ビジネスでは、もはやサムスンやヒュンダイの世界戦略は日本のマスコミで報道されない日はないぐらい功を奏しており、造船、鉄鋼、化学、機械、電機、輸送機、サービスなどの分野でも日本と同等、或いはそれ以上の実績を残している。


韓国では、歴史の授業で「半万年の歴史」つまり「5000年の歴史」という言葉をよく使うが、この悠久の歴史の中で、21世紀が始まって間もないこの時代が韓国史上もっとも力のある時代と言えるのではないか。


だが、問題はこれから。中国などの新興国が後ろから凄まじい勢いで追いかけてきており、当然、日本や欧米先進国が画期的な技術の開発によって巻き返してくるのは間違いない。「サンドイッチ状態」というビジネス用語が韓国にあるが、その可能性は常に消えず、逆にそのことが韓国企業の危機感を仰ぎ力の源泉になっているのも事実だ。


韓国は日本以上に少子高齢化が進み、2010年中頃から猛烈な人口減少社会が到来する。これを克服するために、中国の朝鮮族や東南アジアからの移民の受け入れを始めている。韓国は日本と同じく1国家1民族1言語で、他民族の構成率はほとんど数字にならないほど低い。その体制を変えようとしているが、これについては、日本もぜひ参考にして頂きたいと思っている。

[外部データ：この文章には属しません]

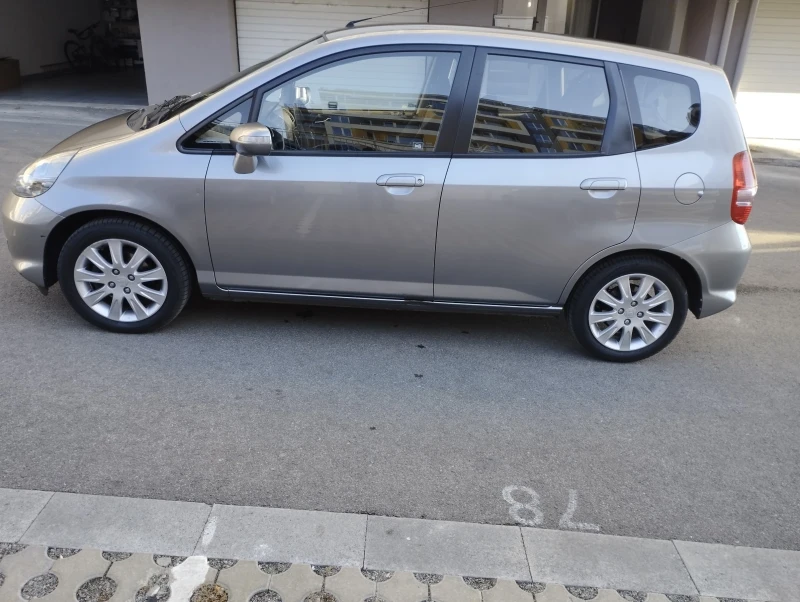 Honda Jazz  1.4, 2006г., avtomat, 83 к.с., Швейцария, снимка 4 - Автомобили и джипове - 48087706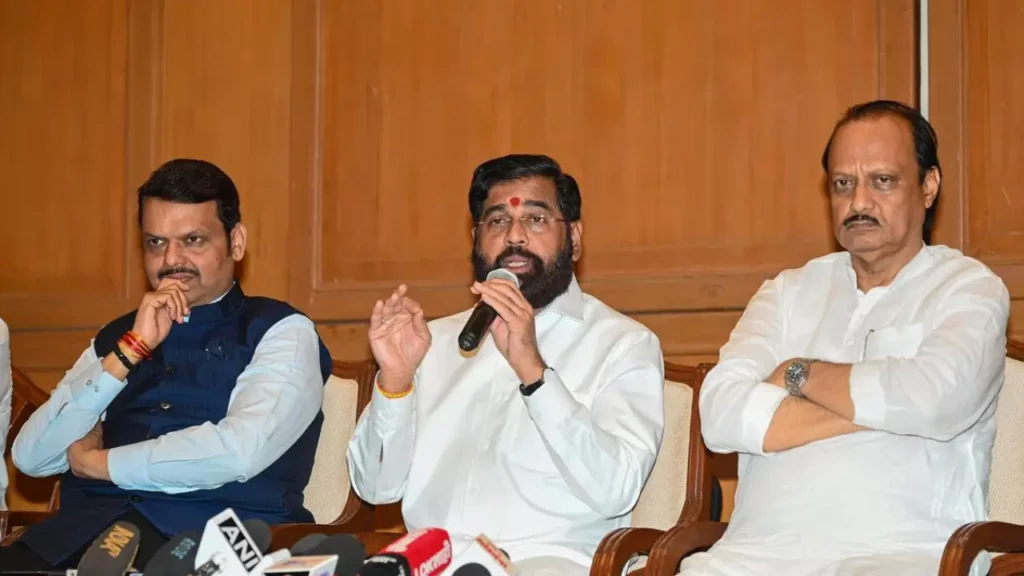 devendra fadanvis , eknath shinde and ajit pawar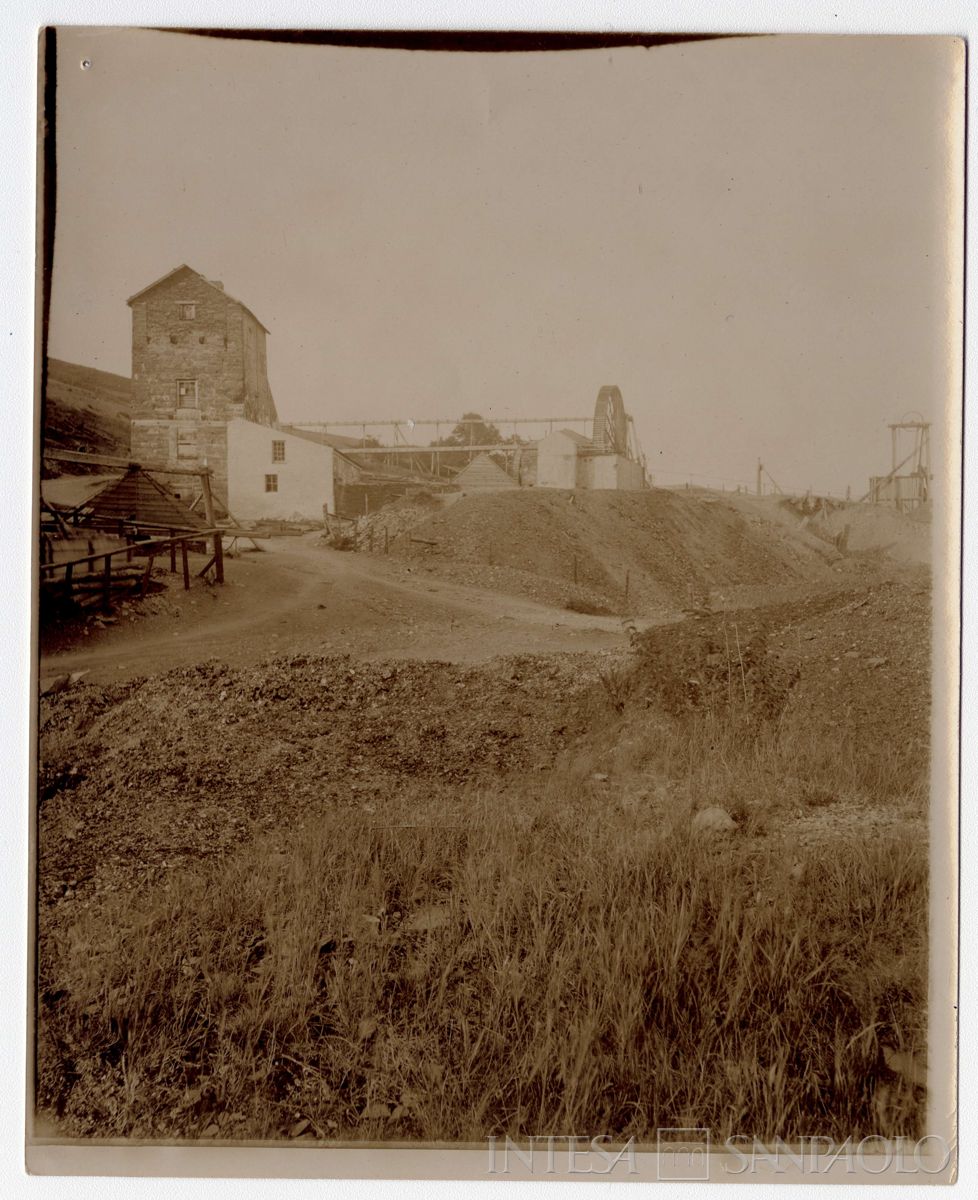 Miniera di Frongoch: stalla con fienile, 1898-1901 (Bernardino Nogara)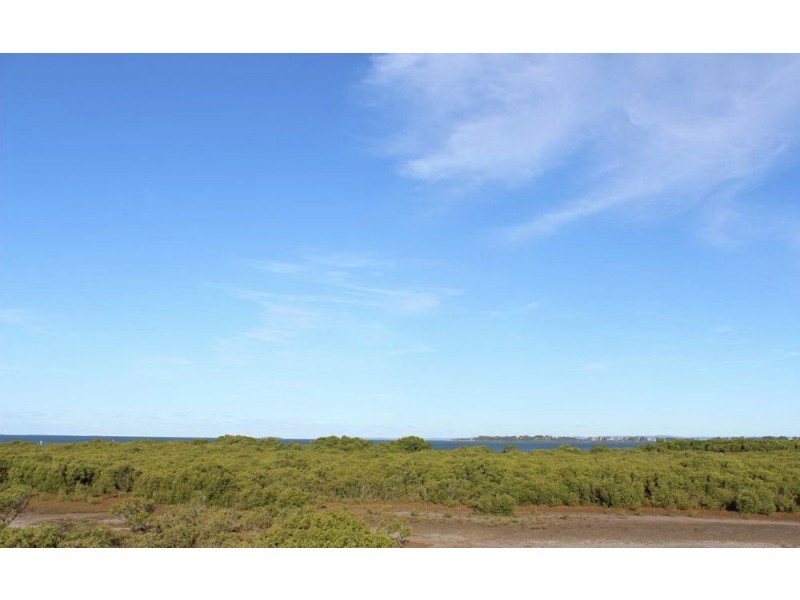 775 Esplanade, Lota QLD 4179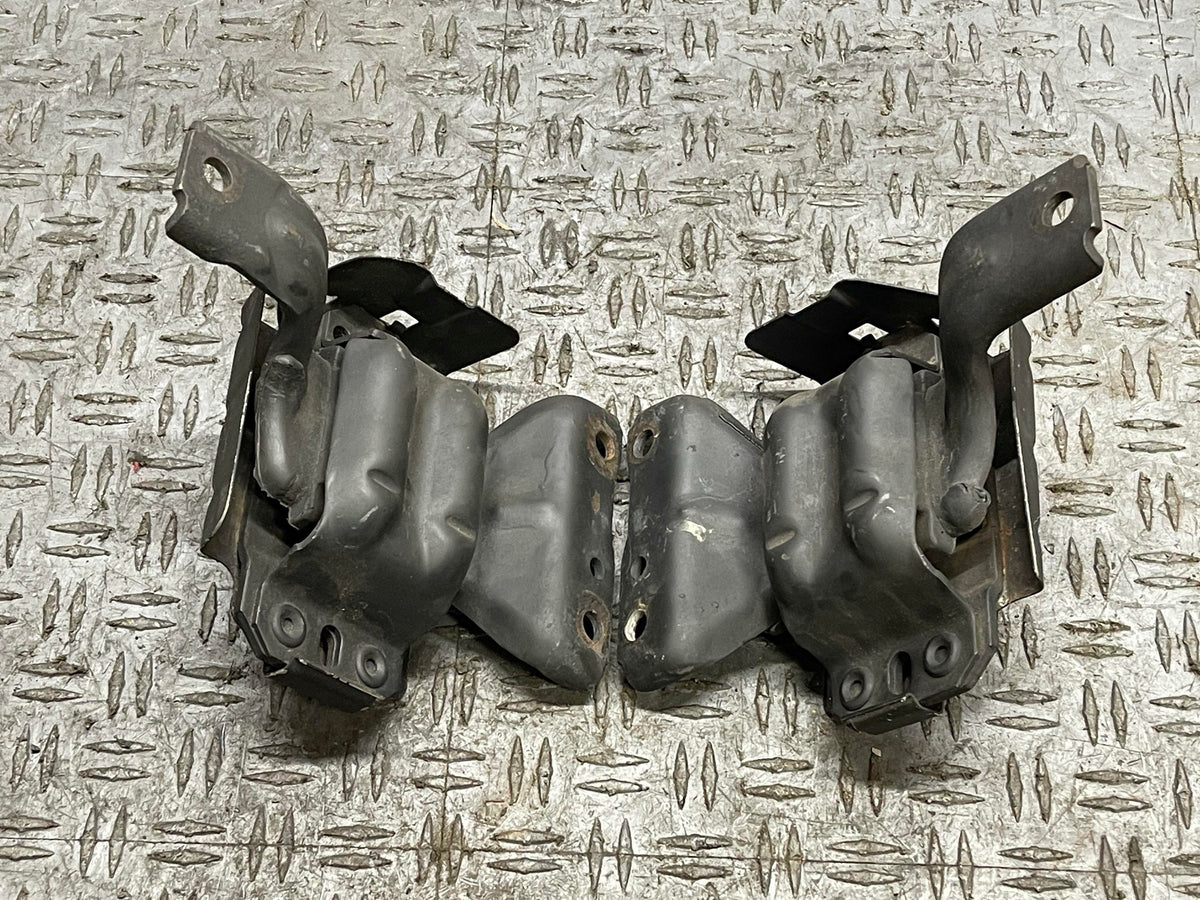 2003-04 Ford Mustang SVT Cobra Engine Mounts OEM 39k Miles 318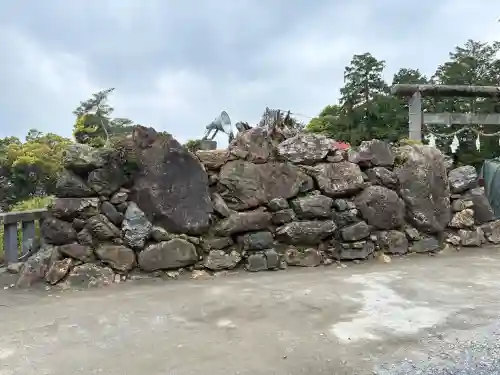 唐澤山神社の{uncategorized: "未分類", other: "その他", undefined: "問題あり", building: "その他建物", grave: "お墓", sacred_gate: "鳥居", guardian: "狛犬", statue: "像", buddha: "仏像", history: "歴史", nature: "自然", garden: "庭園", animal: "動物", pagoda: "塔", temizu: "手水舎", mountain_gate: "山門・神門", sanctuary: "本殿・本堂", subordinate: "末社・摂社", art: "芸術", scenery: "景色", jizo: "地蔵", ema: "絵馬", goshuin: "御朱印", omikuji: "おみくじ", items: "授与品その他", amulet: "お守り", goshuincho: "御朱印帳", eats: "食事", festival: "お祭り", votive_dance: "神楽", shichigosan: "七五三参", wedding: "結婚式", experience: "体験その他", initially: "初詣", around: "周辺", anti_infection: "感染症対策"}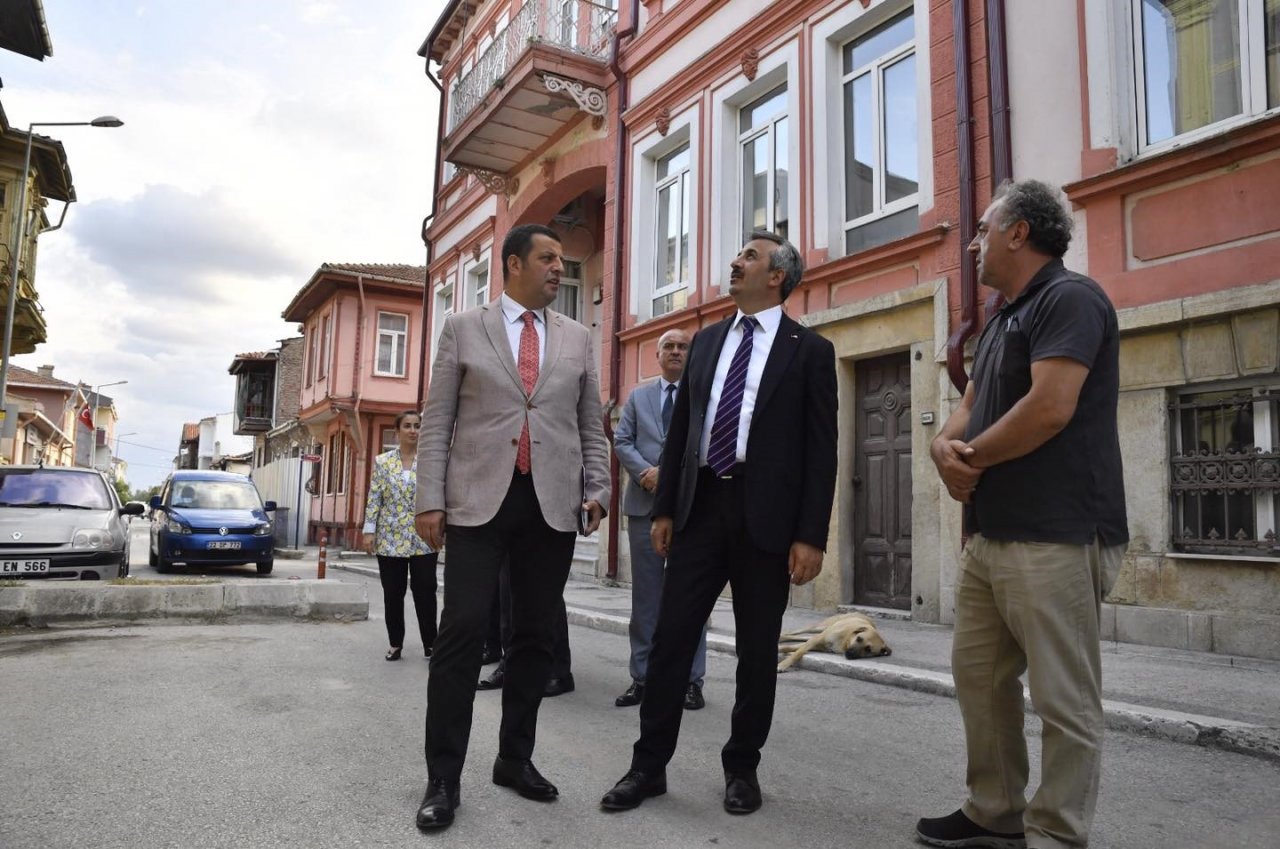 Vali Sezer tarihi konakları inceledi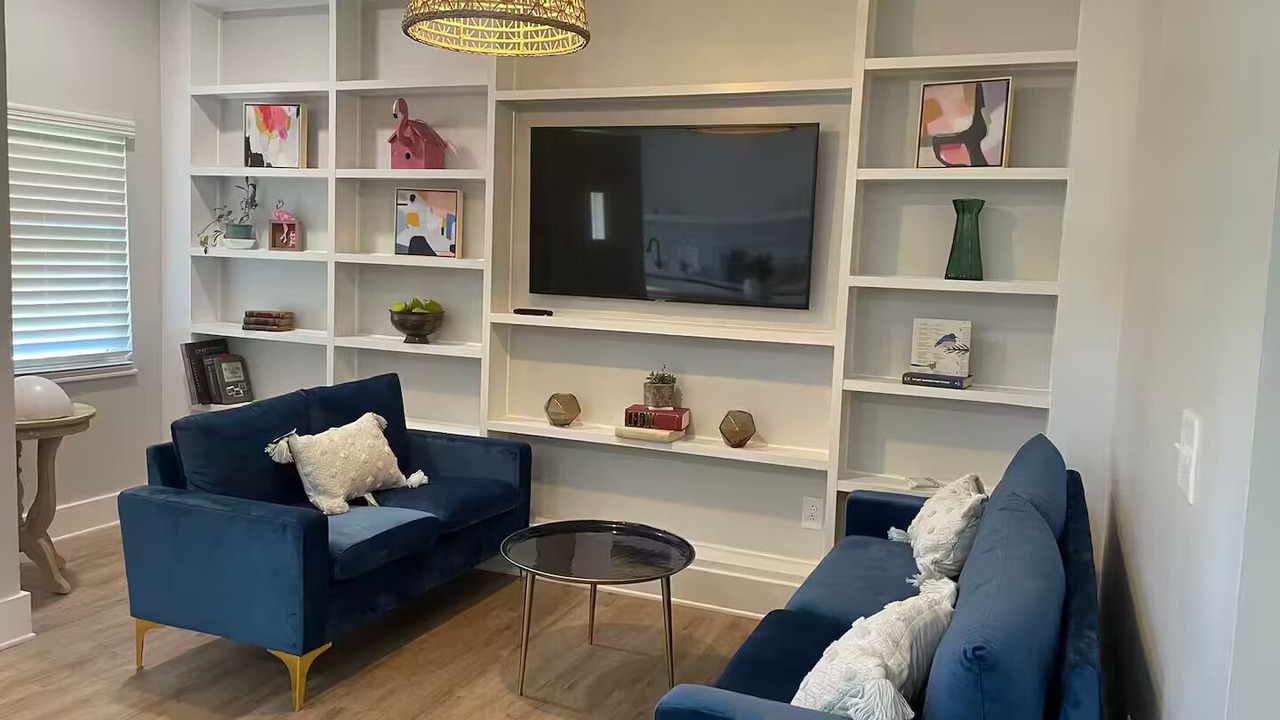 Photo of Livingroom in Red Bank
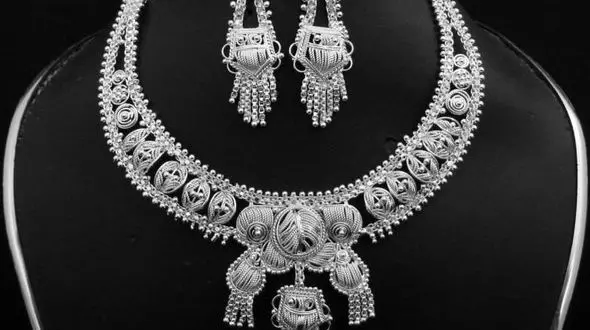 پیشگیری  از تیره شدن  نقره جات
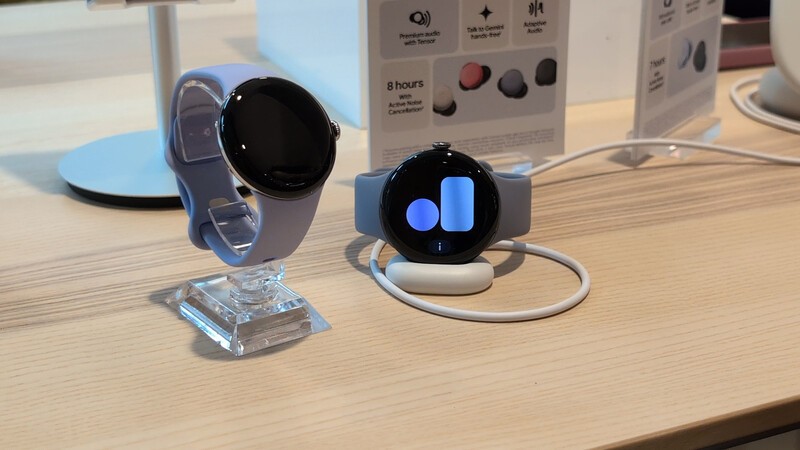Pixel Watch 4 2 Device Pair Graphic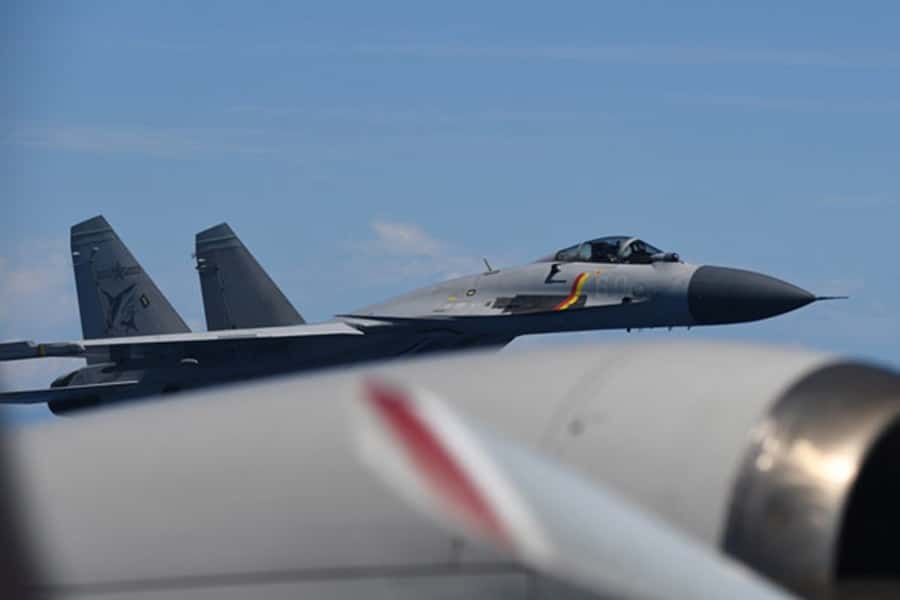 Chinese J15 next to P 3C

さて、話は大きく変わり、今日のブログの本題になるが、「韓国人が歴史上もっとも尊敬する人物は誰?」だろうと調べてみると、1位は文禄慶長の役で豊臣秀吉の軍隊を「亀甲船」という自ら発明した船に乗って大いに破った“李スンシン”。2位が世界でもっとも合理的な文字といわれるハングルを作りその後の李朝の基礎を築いた稀代の名君“世宗大王”。


この世宗大王のことを少し話そう。


文字を作るというのは並大抵のことではない。日本にも“ひらがな”や“カタカナ”があるが、これは平安時代に中国から入ってきた漢字を崩し簡単に書ける文字として作ったものだが、ハングルは文字の原型がない。敢えて言うなら、口、唇、歯、喉、舌などの形だろう。


大王は、全国から有能な人材を集め、ハングルの発明だけでなく、あらゆる分野で改革を強く推し進めたまさに名君であった。


また、伝統ある韓国の鷹狩り文化を歴史上もっとも高めたのも大王であった。当時、明国から朝鮮半島北方に生息する鷹、“海東青(蒼いハヤブサ)”を所望する声が今まで以上に強く、鷹狩りに精通する人材を育てざるを得なかったという理由もあるが、自らも鷹狩りに出かけることも多く大いに楽しんだようだ。大王が韓国の伝統文化として根付かせたことは、日本における徳川家康と同じくひじょうに大きな功績であったといえるだろう。


こう考えると、勃興し隆盛する国には、それ相応の人物の存在が必要不可欠だが、それには必ずしも政治力や経済力といった強情な力だけでなく、文化や伝統芸能などソフト分野を育てる力を強く持つことが国家を安寧にし後世に引き継がせる要素であることが、よくわかるではないか。


この2人の英雄、李スンシンの国に対する忠誠心と世宗大王の類稀な進取の精神が今日韓国人の心の拠り所になっていることは確かだ。